Could we expect a more than subtle audible difference if all the mains wire running to the house (and in the house) from the nearest transformer was suitable gauge OCC silver?
Well…? How is it?
I seriously doubt that anyone’s ever tried that… Also pretty sure that nobody in the world makes a cable with silver conductors that would meet the specs for use as a secondary drop from a distribution transformer to the meter socket of a residence.
I’ve never seen anything advertised for in-house silver conductor cable either, but that’s potentially something that you could at least have someone make for you (at a ridiculous price point).
Something more realistic, if you want to clean up the incoming power to your whole house, would be to contact your electric utility and tell them you want to have your own distribution transformer serving just your house. Most will let you do that, but you’ll have to pay for everything (equipment, install, etc…), and you’ll then be responsible for maintaining it, so if something fails, you’ll have to cover the cost of getting it fixed. Being on a separate transformer would have a much bigger impact on distortion and voltage sag than reconductoring (unless your secondary drop is undersized), even if you could use silver.
Yes, good points, I’ll have to see which is more expensive, haha.
Eventually I’ll have both made anyway. Electricity is, all in all, something I’ll eventually invest nearly all my capital in.
Idealistic concept:
Own oversized transformer, custom silver all the way, balanced mains with oversized isolation transformer, large enough for a house, silver contact recepatables, silver, silver all the way. Not to mention, OCC silver.
I frankly am not sure if I can ever have all this. Is this materialism…? Nah.

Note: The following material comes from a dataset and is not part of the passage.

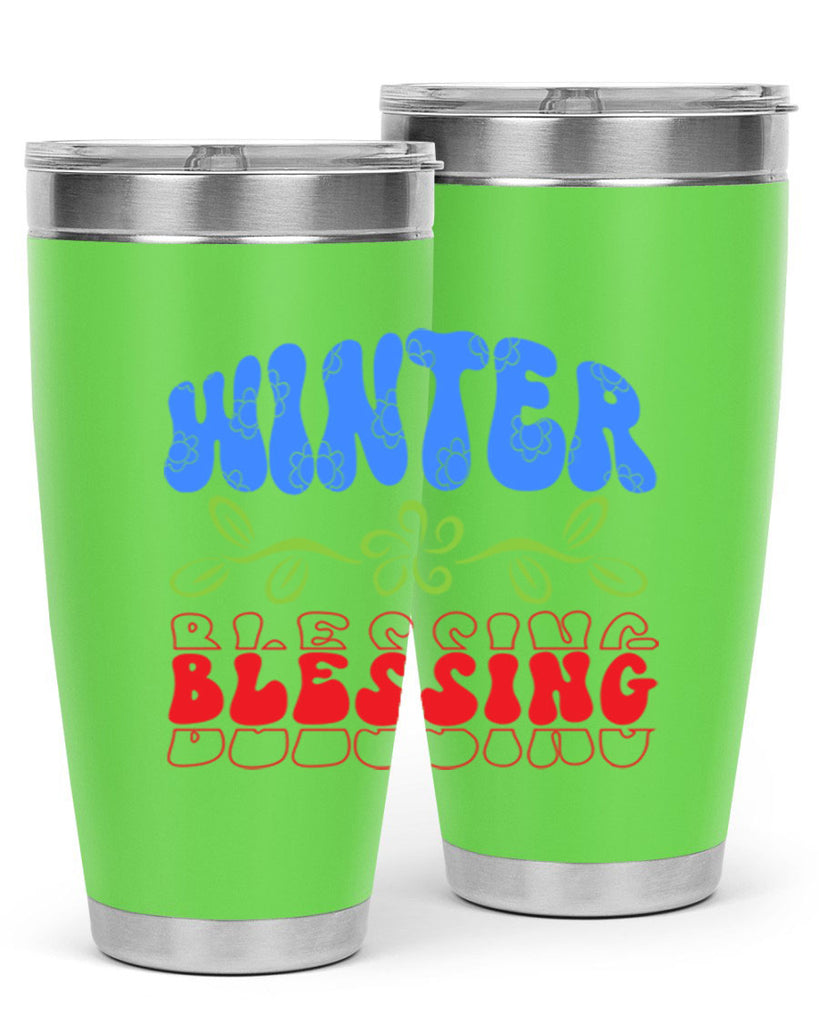 Winter blessing 487#- winter- Tumbler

If anyone here can (for fun) approximate the costs for the mentioned installation and materials, with a reasonable error margin of let’s say 5000$
So:
-Privately owned main transformer right next to house
-From there on, all pure silver wiring of proper (a tad oversized) gauge, including the ground wire (terminated to a pure copper rod into moist ground with an automated ground waterer that keeps the earth around the grounding rod ideally mineralized. Why not if we go this far… Jason Victor Serinus of SP actually worded the idea of periodically watering the grounding rod. He refrained just to keep a sane social status in his neighbourhood. Hhhhhh)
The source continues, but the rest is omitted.